··· DATA SHOWN ···
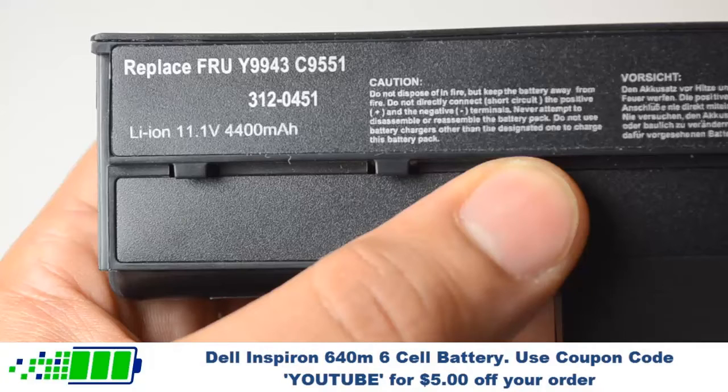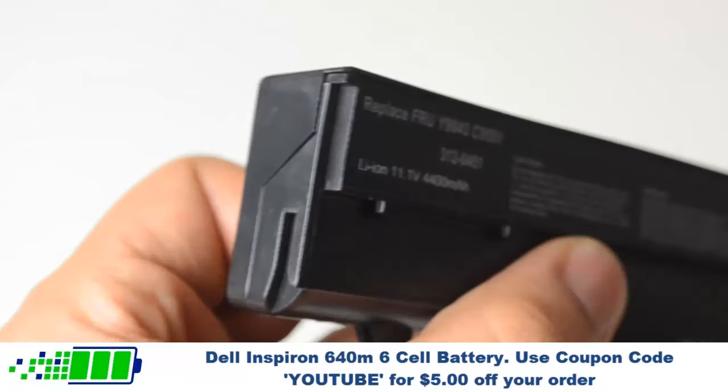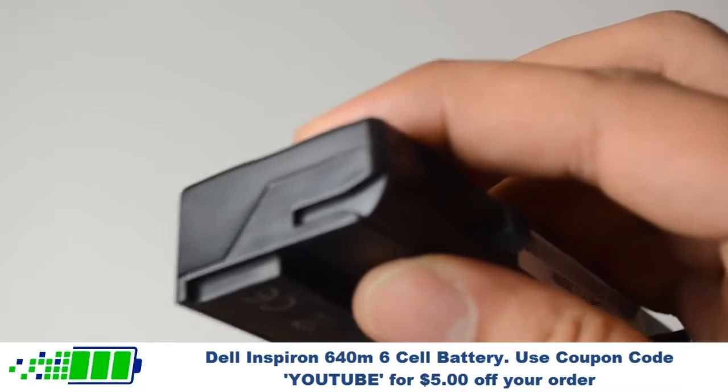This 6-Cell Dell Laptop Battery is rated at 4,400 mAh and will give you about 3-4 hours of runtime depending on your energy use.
···
··· DATA SHOWN ···
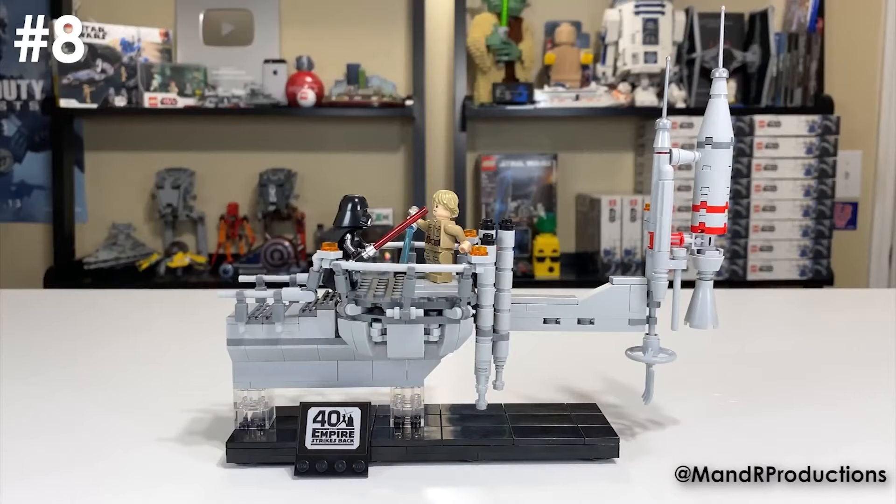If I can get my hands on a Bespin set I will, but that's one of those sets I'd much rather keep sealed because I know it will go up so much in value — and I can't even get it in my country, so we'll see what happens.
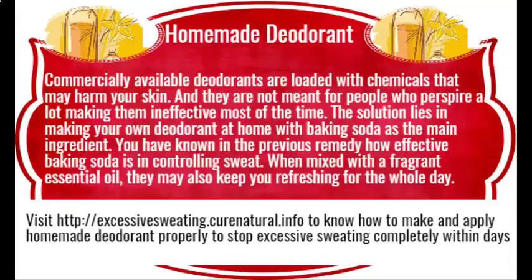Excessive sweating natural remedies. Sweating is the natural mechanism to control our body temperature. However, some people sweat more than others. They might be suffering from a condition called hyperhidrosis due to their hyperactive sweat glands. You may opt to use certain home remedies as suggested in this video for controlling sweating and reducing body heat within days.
···
◆ **TASK BRIEF**
Reproduce, word for word, only the lines in the records above from the line with "If I can get" through the line with "Excessive sweating natural", including both ends; omit the pictures.

◆ **ANSWER FOR THE TASK**
If I can get my hands on a Bespin set I will, but that's one of those sets I'd much rather keep sealed because I know it will go up so much in value — and I can't even get it in my country, so we'll see what happens.
Excessive sweating natural remedies. Sweating is the natural mechanism to control our body temperature. However, some people sweat more than others. They might be suffering from a condition called hyperhidrosis due to their hyperactive sweat glands. You may opt to use certain home remedies as suggested in this video for controlling sweating and reducing body heat within days.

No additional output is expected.